Par exemple, avec l'IPhone, conçu dès l'origine pour être accessible de manière universelle, les personnes handicapées n'ont pas de problème d'adaptation : elles peuvent accéder à toutes les fonctions de l'appareil grâce aux applications ordinaires. Malheureusement, tous les produits ne sont pas ainsi « natifs accessibles ». Pourtant, on a constaté que les « usagers extrêmes » faisaient progresser l'efficacité des services : la télécommande de la télévision a été créée par une personne avec un handicap moteur, coincée dans son fauteuil, qui ne pouvait pas se déplacer pour appuyer sur le bouton. Les inventions et les bidouillages destinés à dépasser le handicap sont nombreux à être entrés dans la vie quotidienne de tous – qui se passerait de télécommande aujourd'hui ? On pourrait faire la liste de tous ces produits.

Un certain nombre d'entreprises sont particulièrement investies. Le directeur général d'Andros, groupe du secteur de l'agroalimentaire, père d'un jeune adulte autiste non oralisé, a développé, dans l'un des sites de l'entreprise, une chaîne de production totalement adaptée aux personnes autistes. Aujourd'hui, onze personnes autistes non verbales bénéficient d'un contrat à durée indéterminée et participent à la production. Cette chaîne de production a été aménagée de manière très soigneuse par des professionnels de l'autisme, avec le soutien du secteur médico-social. Cela a créé beaucoup de curiosité et d'intérêt de la part des autres salariés qui ont demandé les mêmes aménagements. À Auneau, chez Andros, la qualité de vie au travail est devenue exceptionnelle. Le groupe tente d'essaimer cette pratique sur le territoire mais, d'un département à l'autre, la mobilisation des services publics et des maisons départementales des personnes handicapées (MDPH) n'est pas identique, ni leur façon d'envisager les choses.

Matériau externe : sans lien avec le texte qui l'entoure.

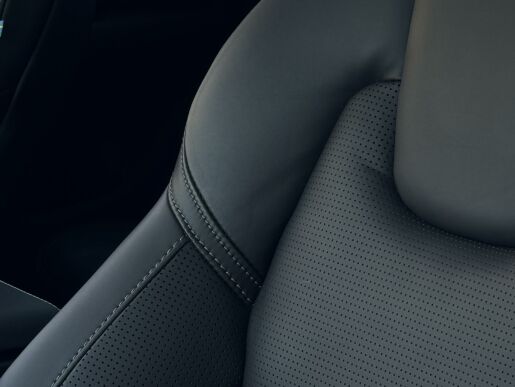 Volvo V60 B5 AWD CC ULTIMATE B&W 1.MAJ.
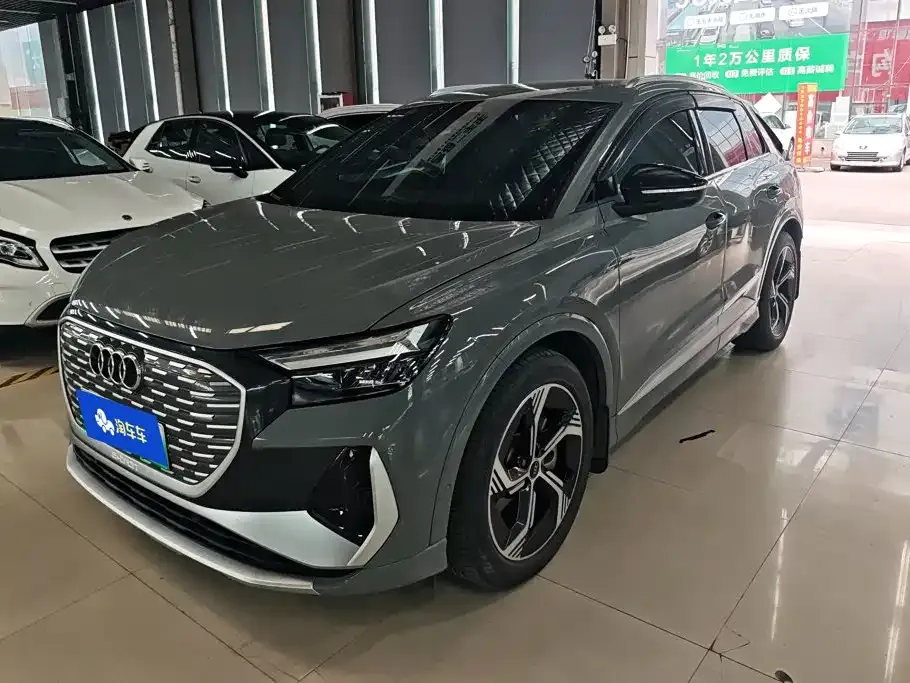 Audi Q4 e-tron — фото 1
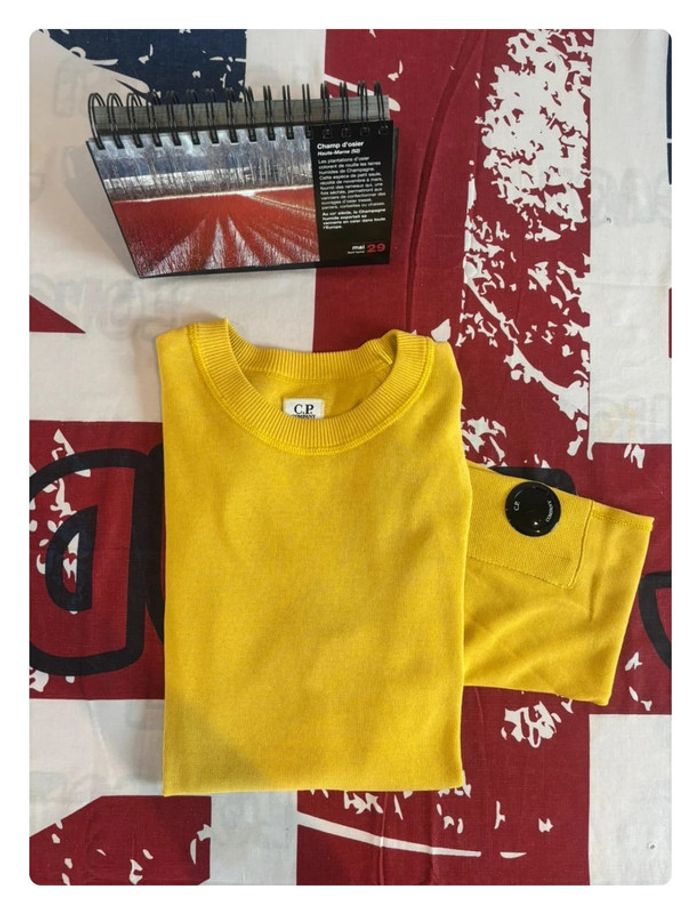Pull C.P Company taille 48 (M) jaune moutarde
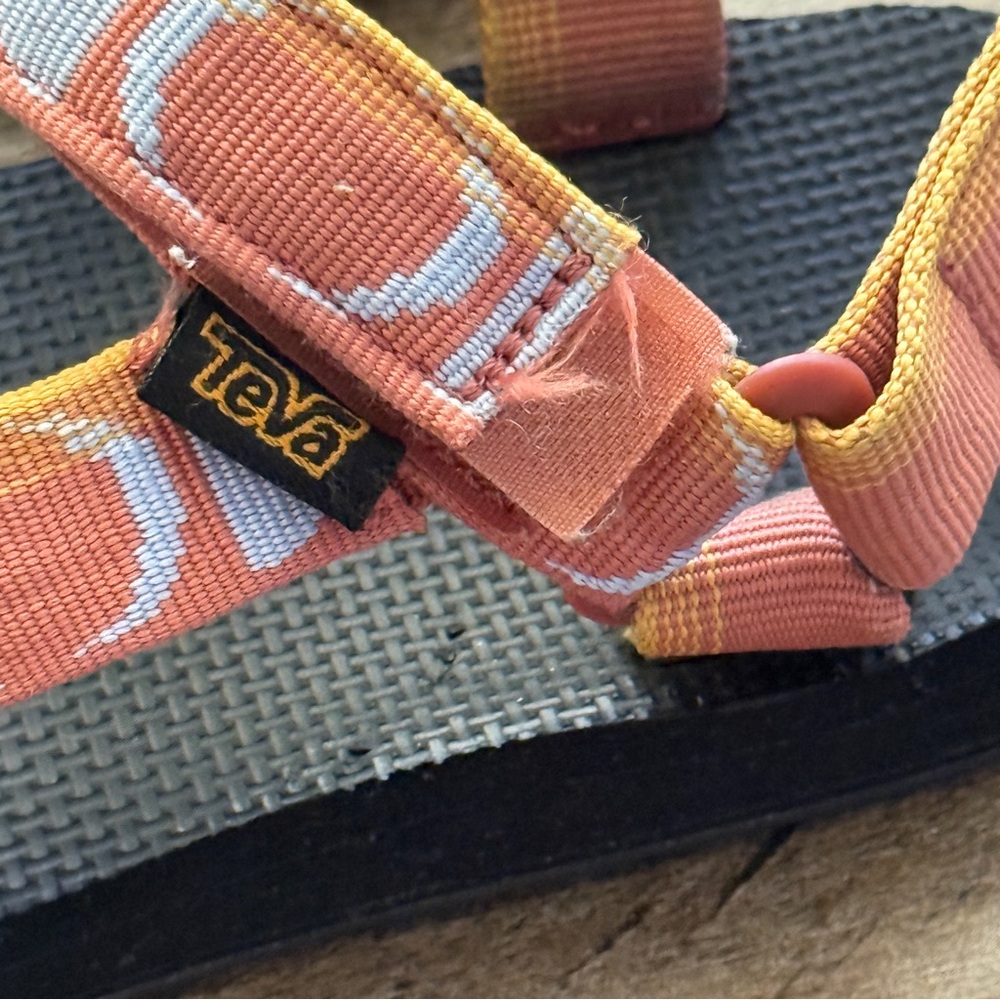 Teva Women’s Original Haze Aragon Universal Sandals, Orange Blue, 9 - Picture 5 of 10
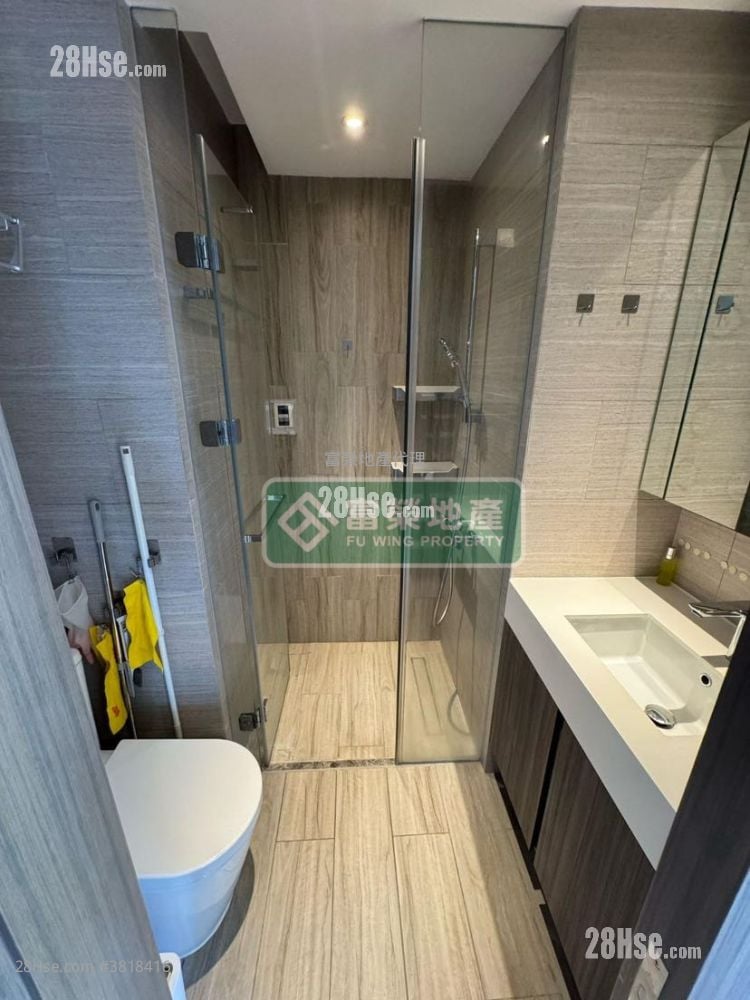 Park One Sell 3 Bedrooms , 1 Bathroom 418 ft²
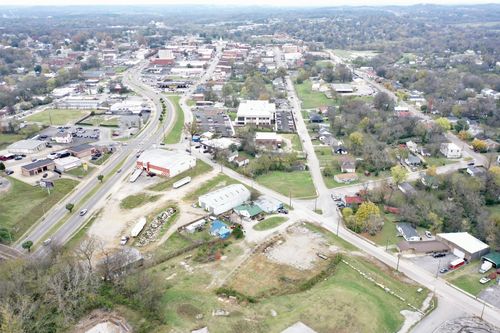 200 Cemetery Ave, Columbia, TN, 38401-4204 | Card Image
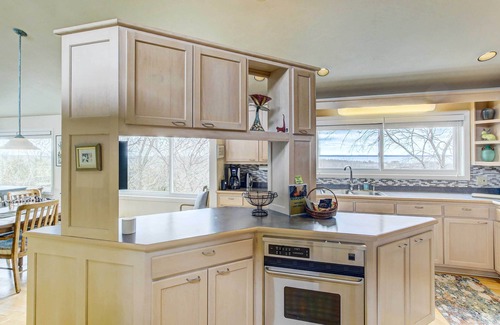 Morrison House | Charming ‘Bayview Art House’ with Deck & Grill!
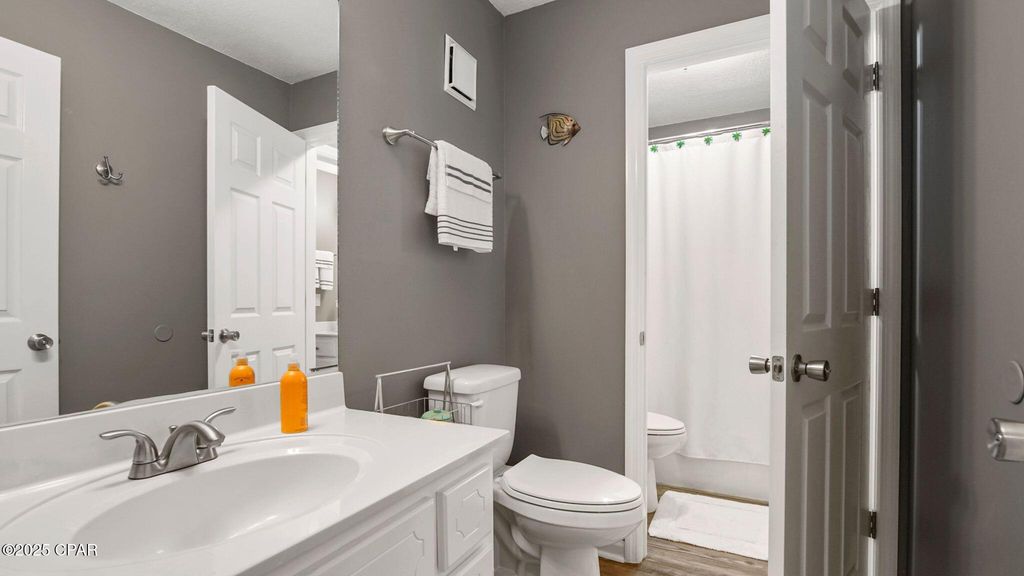 Image 31 of property listing at 17462 Front Beach Road 54204, Panama City Beach, FL 32413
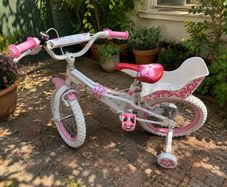 16 Jasmine Girls Bike-rear tyre needs fix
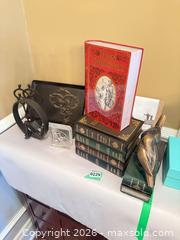 MaxSold Auction: Decor pieces  - Toronto (Ontario, Canada) SELLER MANAGED Downsizing Online Auction - Joicey Boulevard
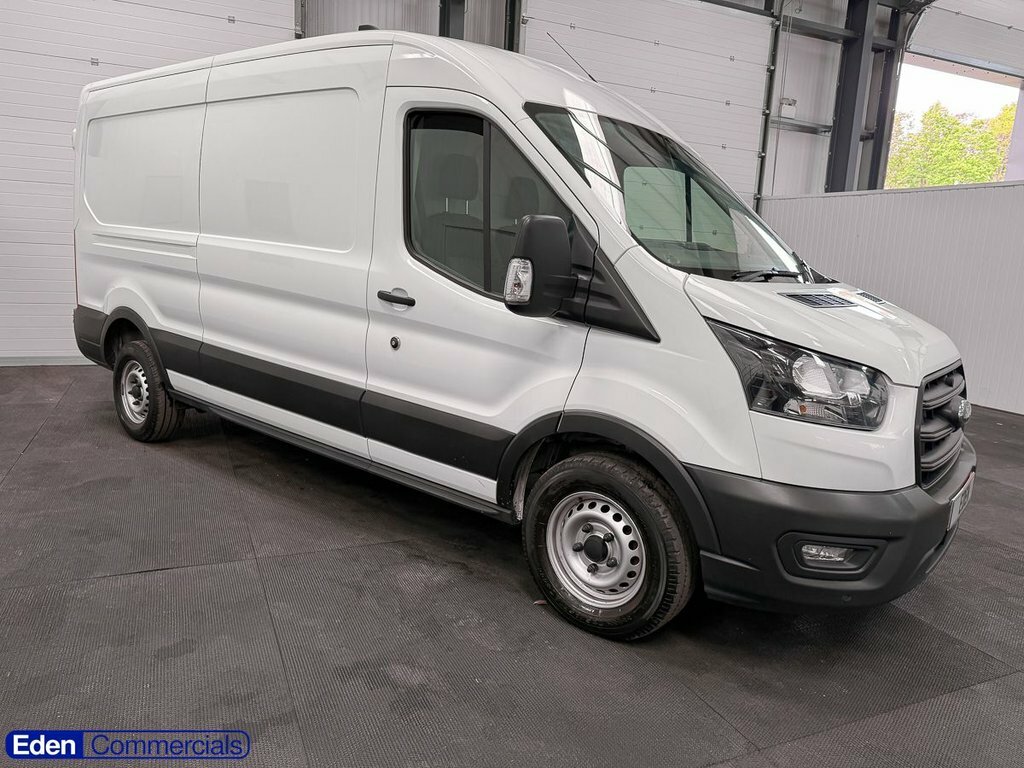 Ford Transit Custom 2L Leader White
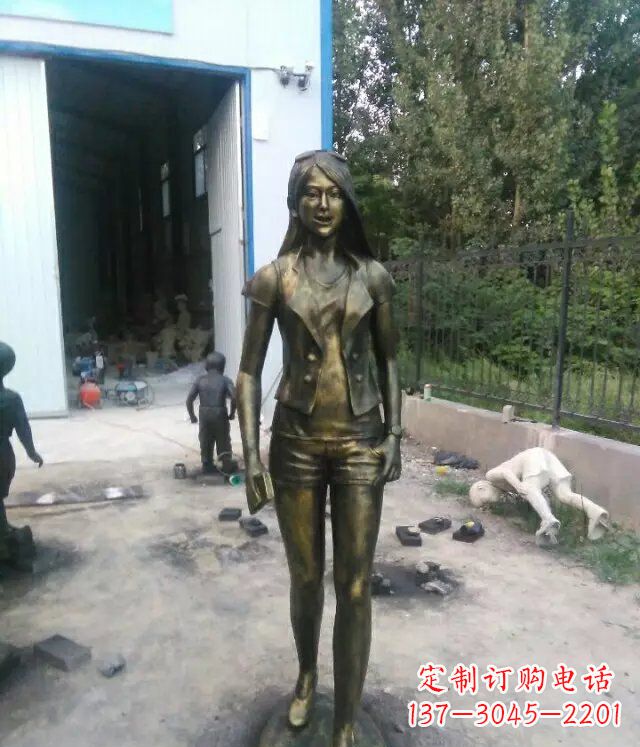 山西现代美女广场人物铜雕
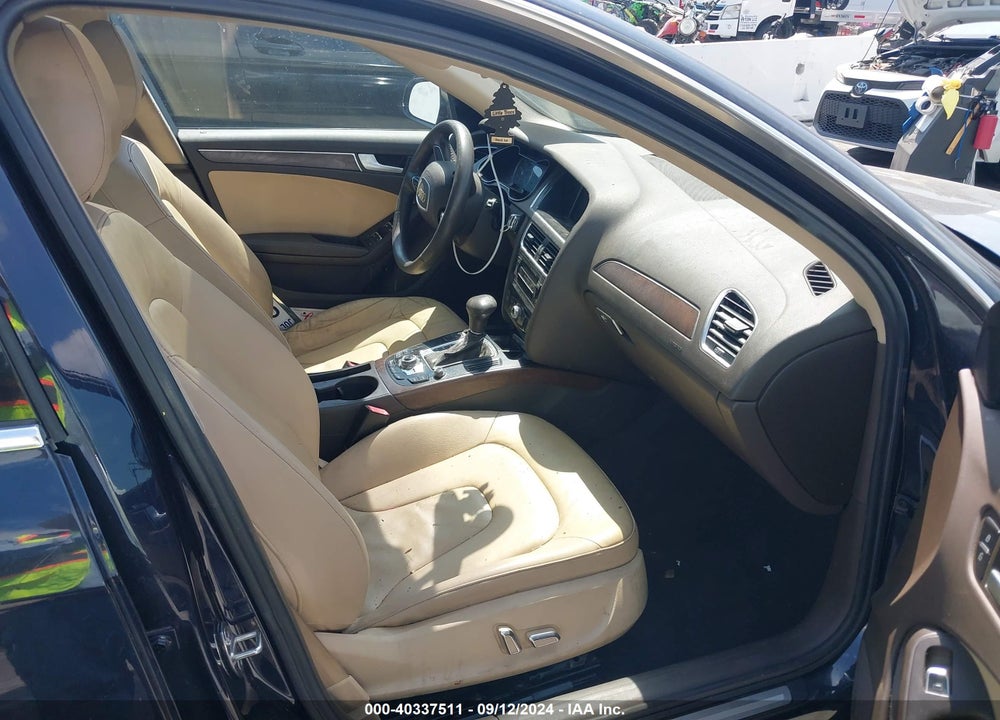 2014 AUDI A4 2.0T PREMIUM VIN: WAUAFAFL0EN043917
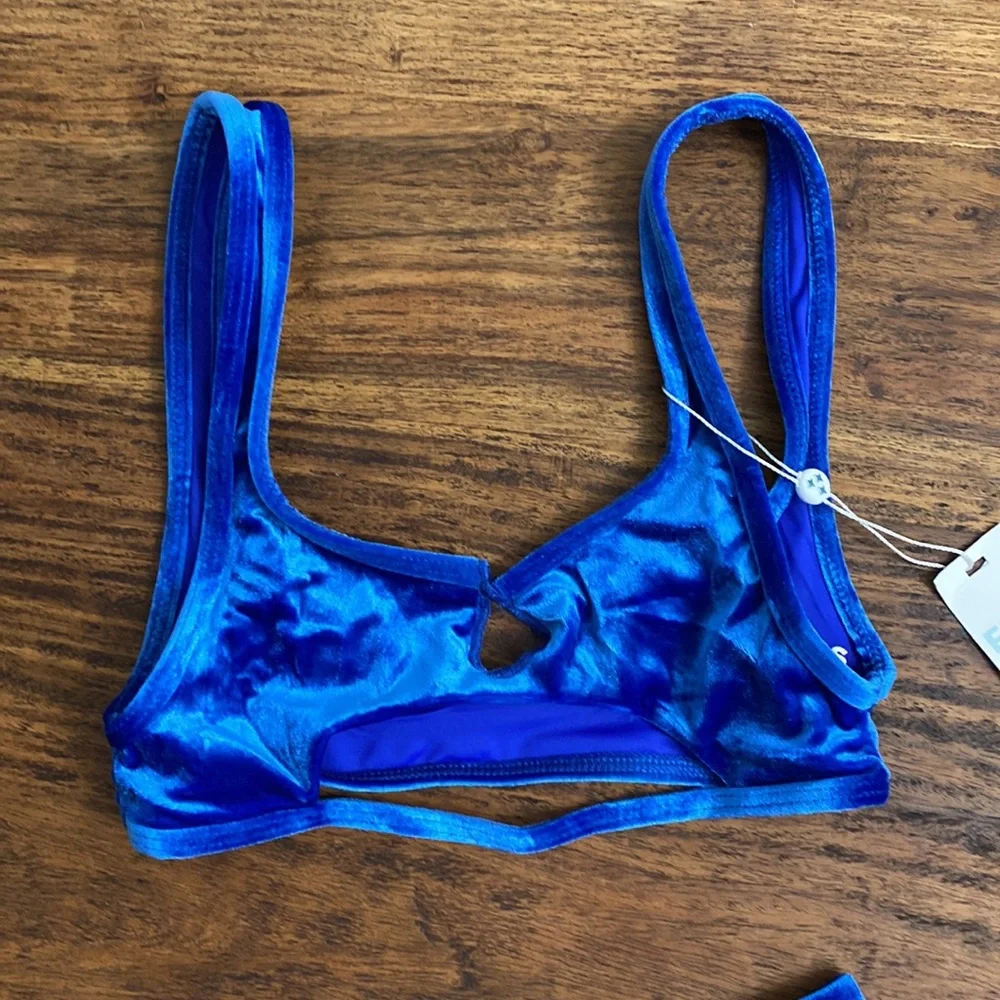 🌼 NWT Frankie’s Bikinis Set XS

Cela complique les financements.

D'autres entreprises ont une démarche similaire, comme Auticonsult ou ASPertise, qui recrutent essentiellement des personnes autistes pour de l'expertise financière et informatique dans les entreprises. Les entreprises ont aussi compris l'intérêt d'embaucher des personnes avec des déficiences intellectuelles et des handicaps cognitifs, qui sont amenées à se mobiliser de manière peut-être un peu obsessionnelle sur des tâches répétitives à faible qualification – celles boudées par les personnes dites « sans handicap », et qui font l'objet d'un fort turnover.

Des relations importantes se nouent dans les partenariats avec des organismes et des associations qui encadrent ces personnes dans leur emploi à basse qualification – il s'agit bien de cela même si ces termes sont un peu péjoratifs. Ces emplois répondent à des besoins des entreprises, mais aussi à des besoins de socialisation. Les personnes concernées se portent beaucoup mieux quand elles sont au travail que lorsqu'elles sont confinées dans des établissements médico-sociaux ou des établissements ou services d'aide par le travail (ESAT) qui ne prennent pas la peine de leur proposer des activités productrices, et se contentent de mettre en place des activités occupationnelles qui ne stimulent pas le développement intellectuel.